Batman: O Homem Morcego tem problemas óbvios, como os diálogos explicativos demais (em certo momento Batman fala “Se tirarmos nossas máscaras, nossas identidades serão reveladas”, e este é o menor dos exemplos) e cenas de ação que são bastante bagunçadas. Mas consegue ter seus momentos de pura diversão, como a cena em que Batman corre para se desfazer de uma bomba (assista o video abaixo), ou o confronto final de Batman e Robin contra os vilões Coringa (Cesar Romero), Pinguim (Burgess Meredith, também conhecido como o treinador de Rocky Balboa, Mickey Goldmill), Charada (Frank Gorshin) e Mulher-Gato (Lee Meriwether), que conta com as famosas onomatopeias da série de TV.
Apesar dos absurdos que se vê ao longo da história (como no início, quando o herói é mordido por um tubarão que havia engolido uma mina e, por isso, explode ao cair no mar), Batman: O Homem Morcego pode não ter sido um grande começo para o personagem nas telonas, mas é um filme no mínimo curioso e pelo menos em termos de diversão é bem melhor que as bombas que o herói ainda iria enfrentar (e que comentarei daqui a pouco).
A Fase Sombria de Tim Burton
Em 1986, Tim Burton aceitou o trabalho de levar o personagem de volta às telonas. Lançando Batman em 1989 com Michael Keaton no papel principal (algo que os fãs do personagem não gostaram nenhum pouco a princípio), Burton apresentou um filme com um tom muito mais sério, em uma Gothan City que parecia um pesadelo graças ao habitual estilo gótico do diretor, o que é bastante apropriado em uma cidade bastante violenta. Mesmo com uma abordagem mais sombria o filme tem momentos divertidíssimos, e muito se deve a bela interpretação de Jack Nicholson como o Coringa.
Em 1992, veio a continuação Batman: O Retorno e um tom ainda mais sombrio do que aquele visto anteriormente. Com o Pinguim (Danny DeVito) e a Mulher-Gato (Michelle Pfeiffer) como principais vilões, a história pouco se concentra em Bruce Wayne, focando muito mais seus antagonistas, enquanto que o herói ganha mais atenção em seu relacionamento com Selina Kyle. Com algumas falas de duplo sentido (em uma cena, quando encontra a Mulher-Gato, o Pinguim diz “Just the pussy I've been lookin' for!”, que prefiro não traduzir), o roteiro do filme certamente precisaria de algumas alterações para ser produzido hoje.

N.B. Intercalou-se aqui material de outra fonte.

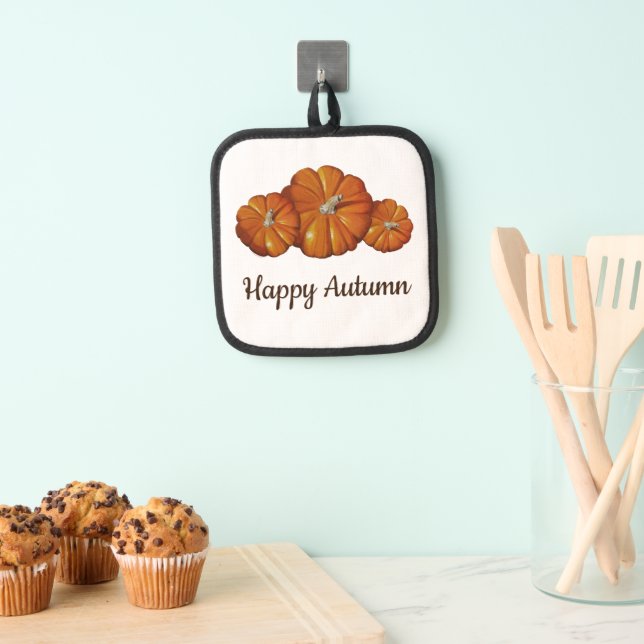 Pumpkin Pot Holder (Insitu(Hanging))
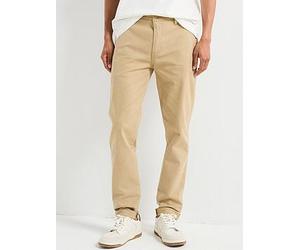 Levi's Xx Ii Slim Taper Fit Chinos, Beige, Size 30, Inside Leg Regular, Men Beige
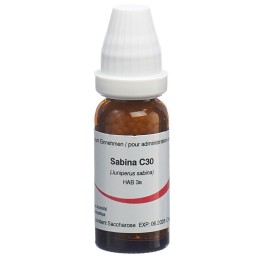 OMIDA sabina glob 30 C 14 g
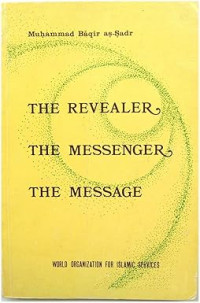Image of The Revealer The Messenger The Message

Foram dois filmes interessantes, que estabeleceram bem o tipo de universo que Batman deveria percorrer. Uma pena que tudo começaria a virar um grande carnaval três anos mais tarde.
O Erros de Joel Schumacher
A bilheteria de Batman: O Retorno ficou abaixo dos números esperados pela Warner, e o estúdio resolveu tirar a abordagem sombria na qual Tim Burton havia mergulhado a franquia. No entanto, ele ficou como produtor de Batman Eternamente e ajudou a escolher Joel Schumacher para assumir a cadeira de direção do terceiro filme, que ainda faria o cineasta ser chamado para uma quarta produção (esta sem qualquer envolvimento de Burton).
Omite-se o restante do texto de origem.